Over the years, I have met inspirational people who taught the team at St Catz new ways of looking at cooking. Sometimes we, the Catz team, were able to use our experience to advise our guest chefs on the best way to achieve their vision of their dishes, particularly scaling-up and serving to deadline. Sometimes it’s the other way round. As in 2009, when Raymond Blanc’s Head Chef Gary Jones arrived at 5.00pm on Saturday with his team, after doing a wedding. A whirlwind entered the kitchen, all very professional and focused on preparing dinner. I remember Gary’s reply to my comments was “…next time”, a gentle way of saying ‘no thanks – we’ll do it our way!’ Gary offered work-experience at the Manoir: I have yet to take it up, but hopefully the offer’s still open!

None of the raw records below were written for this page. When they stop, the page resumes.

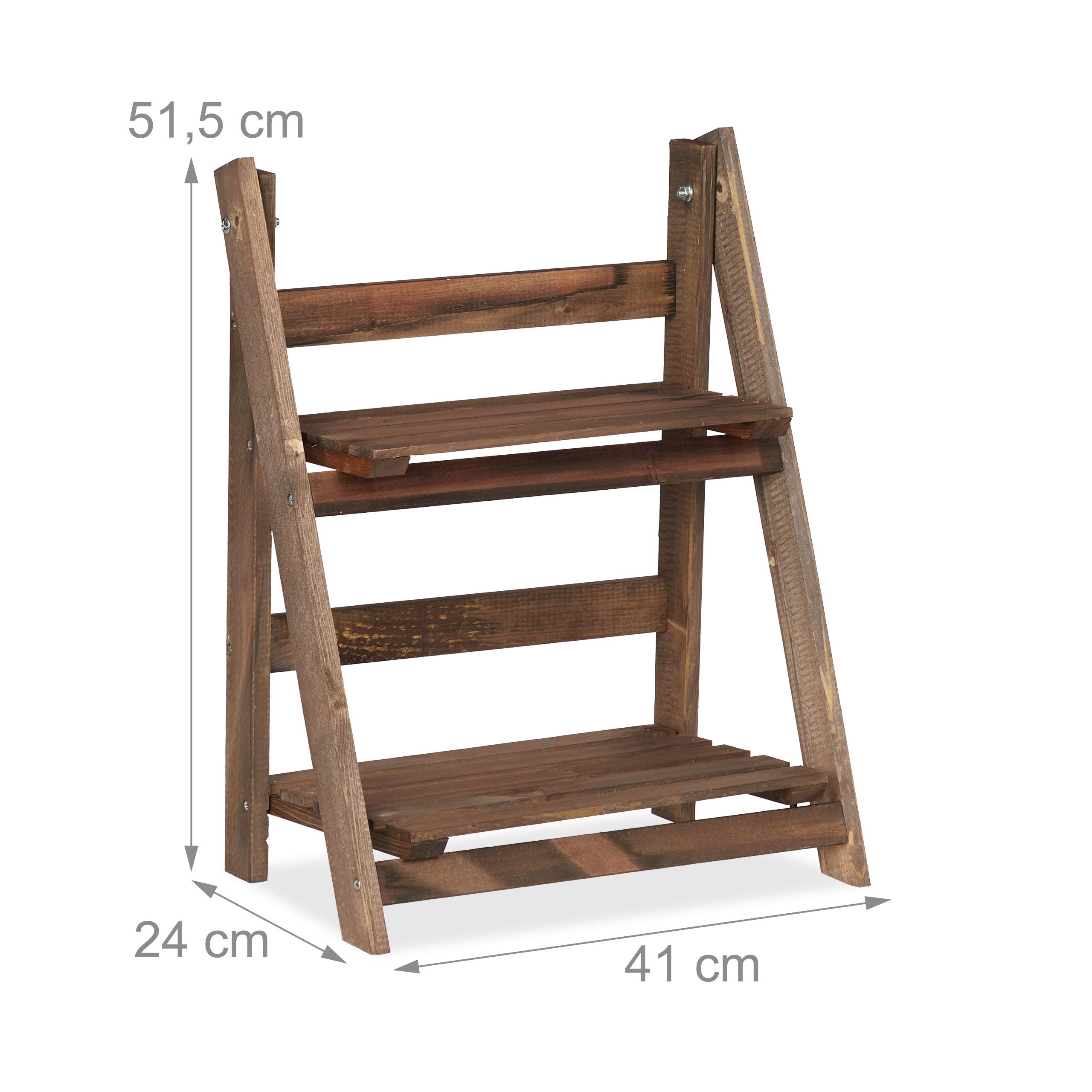 Relaxdays Blumentreppe, 2-stufig, Blumenleiter Holz, klappbar, Leiterregal Pflanzen, HBT: 51,5 x 41 x 24 cm, dunkelbraun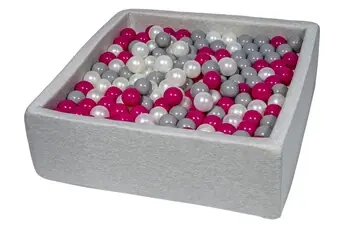 Piscine à balles pour enfant, 90x90 cm, Aire de jeu + 450 balles perle, rose, gris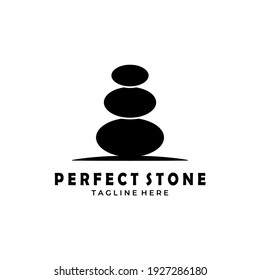 Balance Stone Line Art Logo Vector Illustration Template Design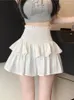 Spódnice houzhou słodkie białe mini kobiety kawaii w stylu Preppy Ruffles koreańskie mody streetwear y2k a-lini-lini wysokiej talii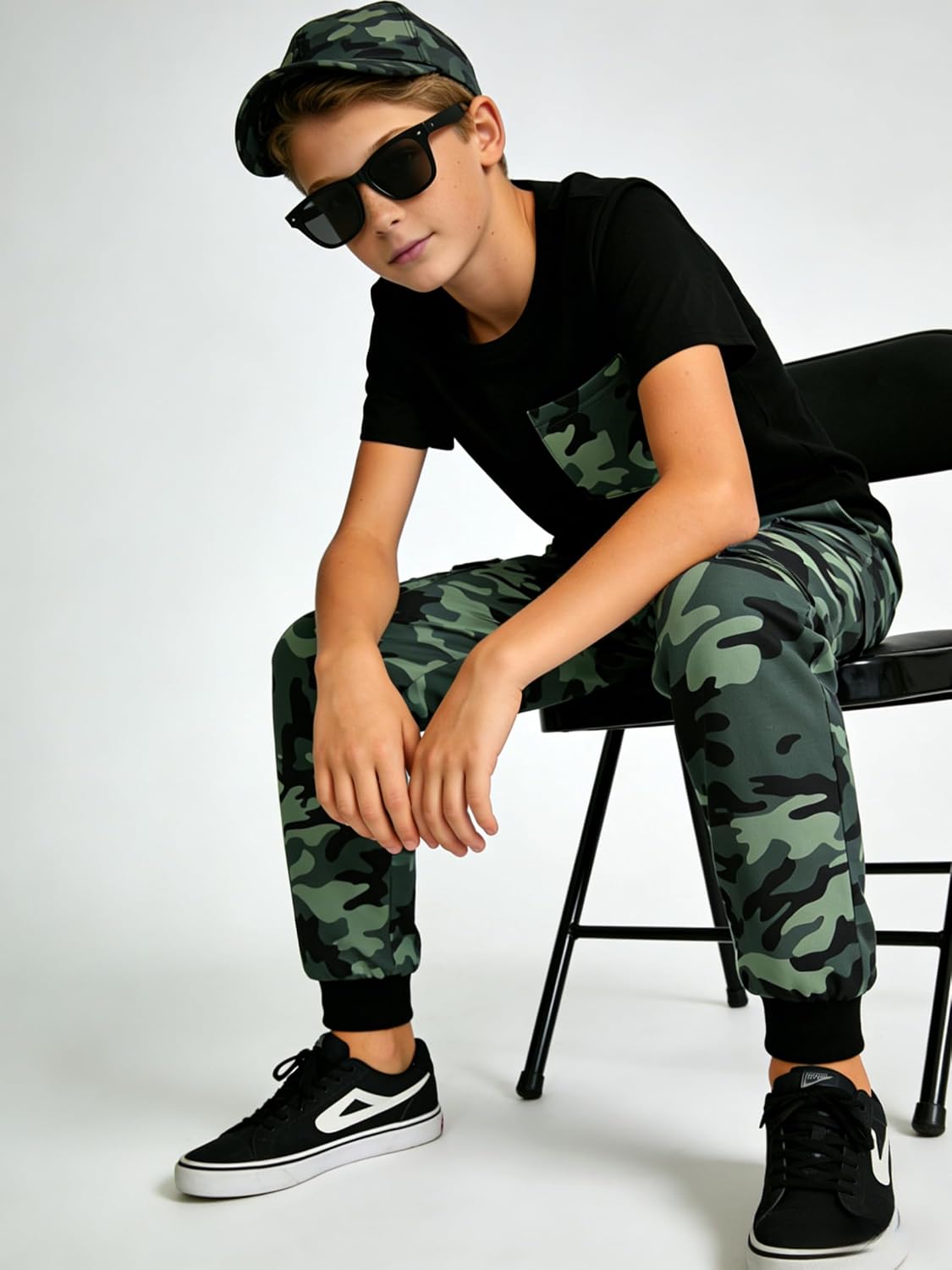Boys Camo Clothes Set 2 Piece Short Sleeve T-Shirt and Cargo Pants Outfit Size 7-14
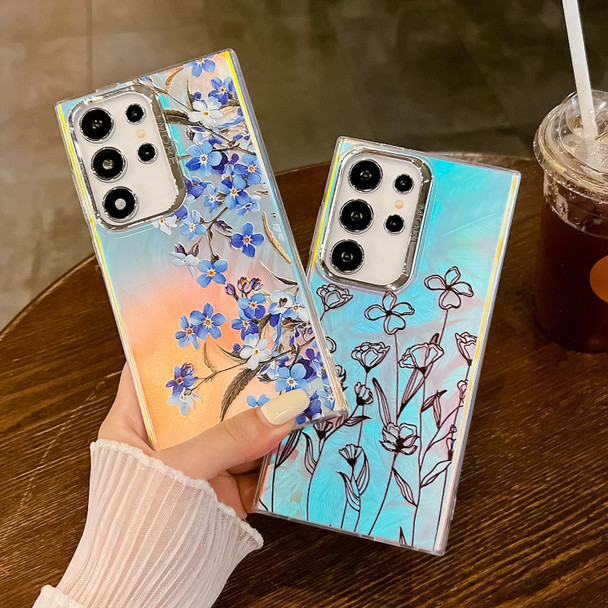 For Samsung Galaxy A25 5G Electroplating Laser Flower Texture TPU Phone Case(Cosmos Flower AH7)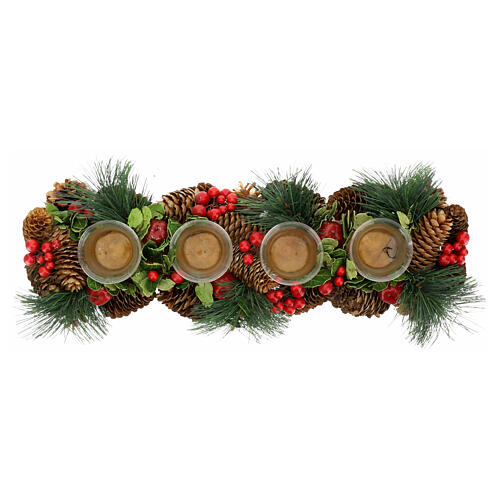 Rectangular candle holder with 4 glasses, pinecones and red berries, 8x20x3 inches 5
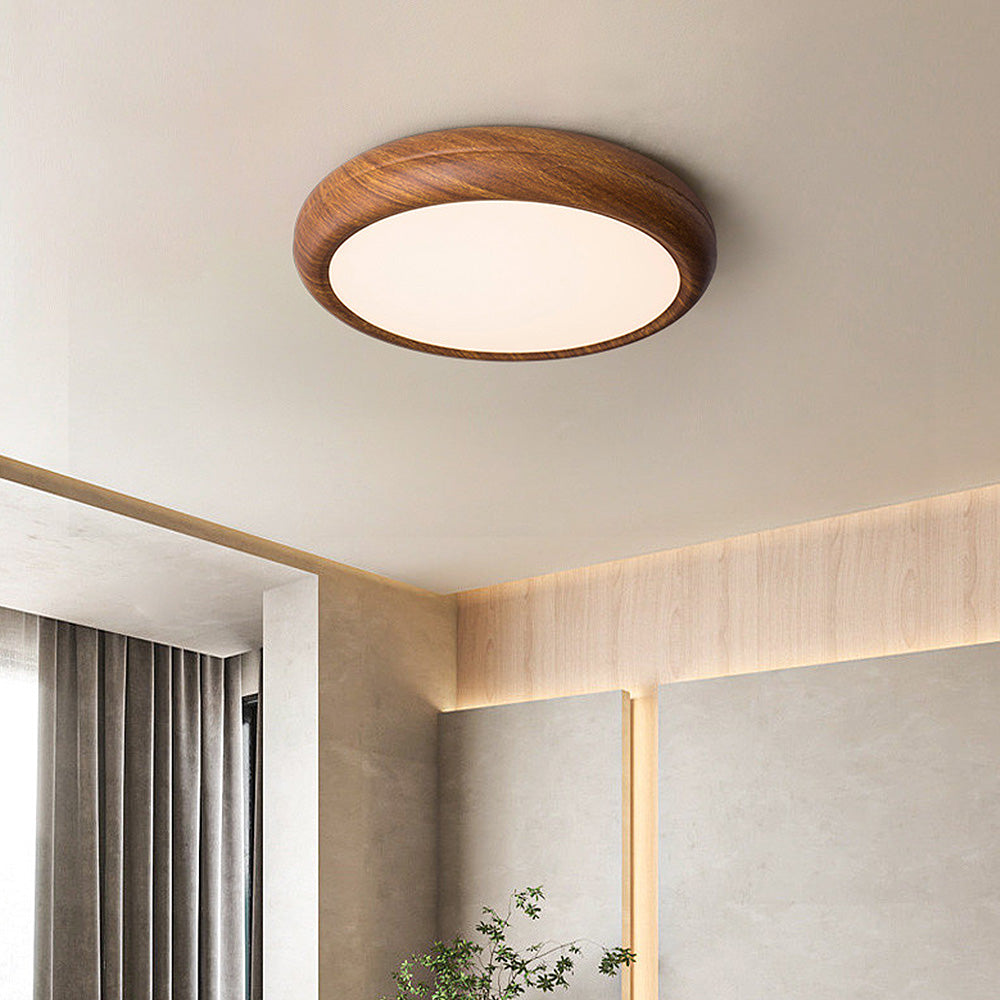Scandinavische LED Plafondlamp met Houtaccent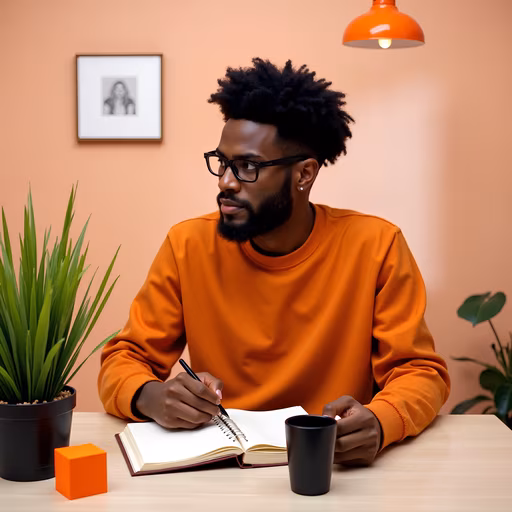 Man Writing in Orange Sweater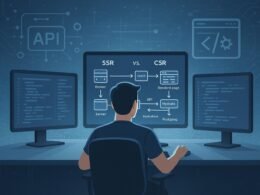 Entwickler vor mehreren Monitoren mit Diagrammen zu Server-Side Rendering, Client-Side Rendering und API-Fluss in einem futuristischen, digital inspirierten Raum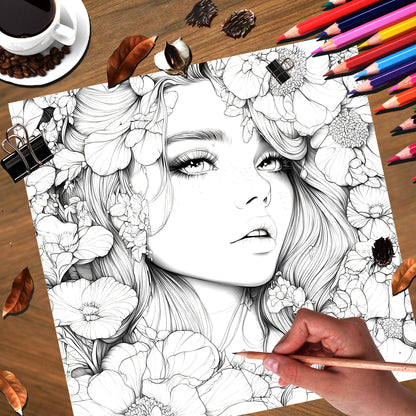Art Therapy Coloring Book For Adults And Kids Stress Relief With Flowers And Beautiful Women Themes 2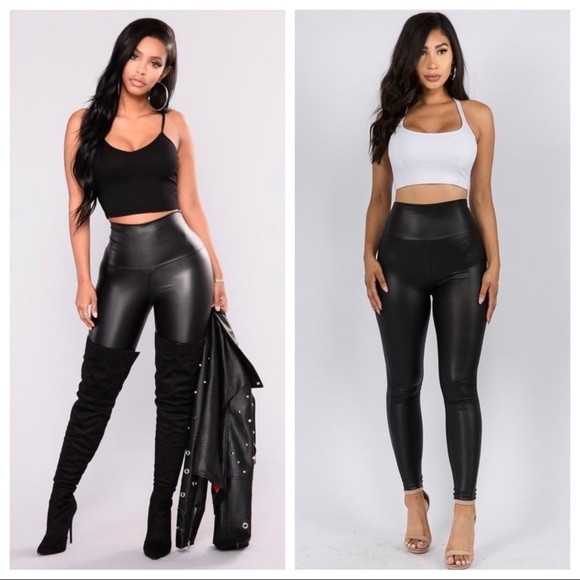 NEW FALL WOMEN’S TRENDY BLACK FAUX SPANX LEATHER LEGGINGS - Picture 1 of 16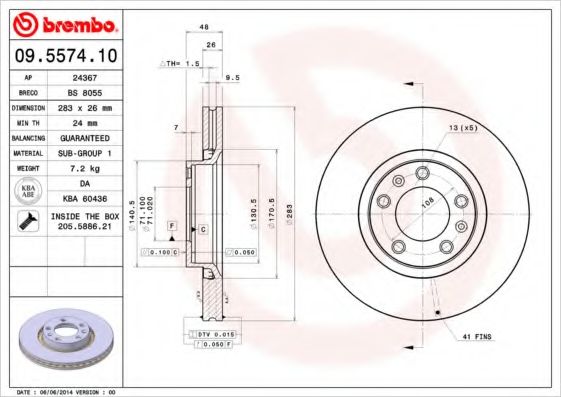 Тормозной диск BREMBO 09.5574.10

There have been entertaining times: hours preparing baby artichokes for presentation in leaf, then seeing them diced finely for a risotto. Scary times too – not many, but once when our heavy-duty bratt pan was set alight, we had to deal with a full-fledged fire! Fun times – well – for me, highlights include the opportunity to visit restaurants such as Masala Zone, St. Johns, Bar Shu, a chance to join Sri Owen in her kitchen and visit Dublin for a meal at Boxty House with Symposiast Máirtín Mac Coniomaire and Pádriac Og – in 2017, I think they took the record for greatest amount of Irish coffee served in any one night!
Most memorable dishes? Some of these we continue to use in the kitchen. Suitable for this year’s theme would be Sri Owen’s Indonesian Peanut Sauce, Stevie Parle’s lamb with seven spices and pomegranite molasses, Olia Hercules’; lamb cooked with tarragon, dill and coriander. Most surprising? Well – chef Batti from Masala Zone strained a great deal of yoghourt through muslin overnight, sweetened and infused it with saffron and – oh yes!- finished it off with gold leaf.
After Sunday lunch when it’s all over for another year and everyone has said good-bye, the fridges are emptied and the floor mopped and surfaces wiped down, by about 4.00 pm we are tidy again. A feeling of calm comes over the kitchen before we turn back to real life -preparing dinner for another two hundred people.